Do you feel lucky punk?

Graphics

Visually, Boot Hill Bounties wears inspiration on its sleeve. In the overworld, character sprites are large, big-headed, and oozing charm. The world is wonderfully realised, and will take you to all the iconic western locations. You’ll trekking through forts, saloons, forests, riding steam trains, and adventuring across a true wild west.

Earthbound was never visually the most impressive game, and the same can be said for Boot Hill Bounties. For as charming as the world is, some of the sprite work can be hit or miss. You’ll spend most of your time grinning whilst fighting mucky pigs, or laughing at a ridiculous summon of Paul Bunyan, but there’s just the odd sprite that felt like it didn’t get the same level of love.

I also felt overall the UI left a lot to be desired. Menus and fonts are low quality, and whilst it is true to the graphical style, I would’ve preferred to have seen things cleaned up a little. Menus can become cluttered when move explanations are pasted over key information. There are times in the overworld challenge notifications covered what somebody was saying, and for the wide selection of hats, weapons, and temporary stat boosts, even hours into the game I struggled to understand what most of it meant.

Now I might be missing something, but I also couldn’t find anything to track what quests you were on, or what you’ve completed. It left me in an odd position where each time I turned the game back on, I had to rack my brains to figure out what just happened, and where I was going.

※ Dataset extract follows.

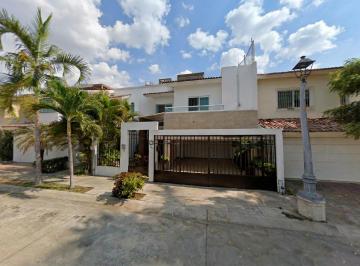 Casa de 4 habitaciones, Puerto Vallarta · Casa de 195 m² con 4 Recámaras en Venta en Fluvial Vallarta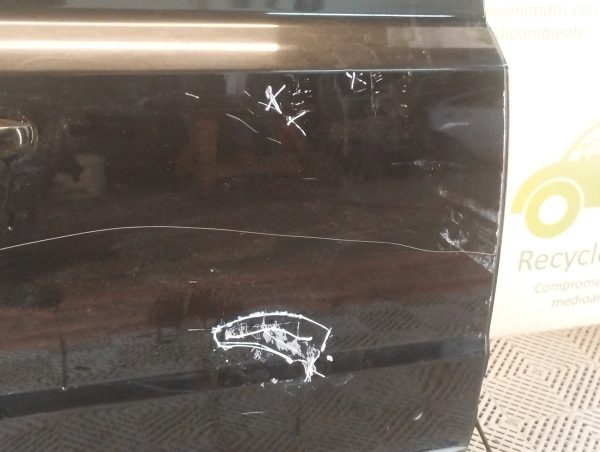 Puerta Trasera Derecha Jeep Patriot (05507410)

What would a western be without a saloon?

Audio

Westerns have a long history of having incredible soundtracks behind them. From the films, we have classics like ‘The Ecstasy of Gold’, and in gaming, Red Dead Redemption 2 brought us one of the most epic soundtracks to date.

Now Boot Hill Bounties hasn’t tried to match those with some incredible orchestration, but what it does is continue with the retro theming, creating a soundtrack that feels like it’s coming right from a SNES cart. The tunes might not stick in your head for hours, but they suit the game and accompany the story perfectly.

In battle, whips cracks, guns blast, and gophers squeak as expected. It’s not the most dazzling audio experience, and whilst you might not need to hear this through your best cans, you certainly don’t need to put anything else on instead.

Everything you want from a Western is here.

Longevity

For a game that costs £12.19, Boot Hill Bounties offers a lot of content. The main story will take you over 20 hours to complete. But there’s plenty of side quests, and collectables to boot. Whilst I haven’t gone for a 100% run, should you want to, you can expect to sink plenty more hours in.

Co-op also adds to the experience, and it’s something you’ll want to try with a few friends more than once. Plus, thanks to the open-ended mission structure, you can tackle bounties in any order you choose.

MVP goes to rusty the good boy.

Conclusion

Boot Hill Bounties could be a great game, it’s just unfortunately held back by some rough edges. The cluttered UI hampered my enjoyment at times, and often I found myself unclear on where I was going. However, the enjoyable combat and undeniable charm of Boot Hill Bounties is a pleasure to experience. It sure means there’s gold in them hills.

Well, not quite gold sorry! I award Boot Hill Bounties a Thumb Culture Silver award!

Disclaimer: A code was received in order to write this review.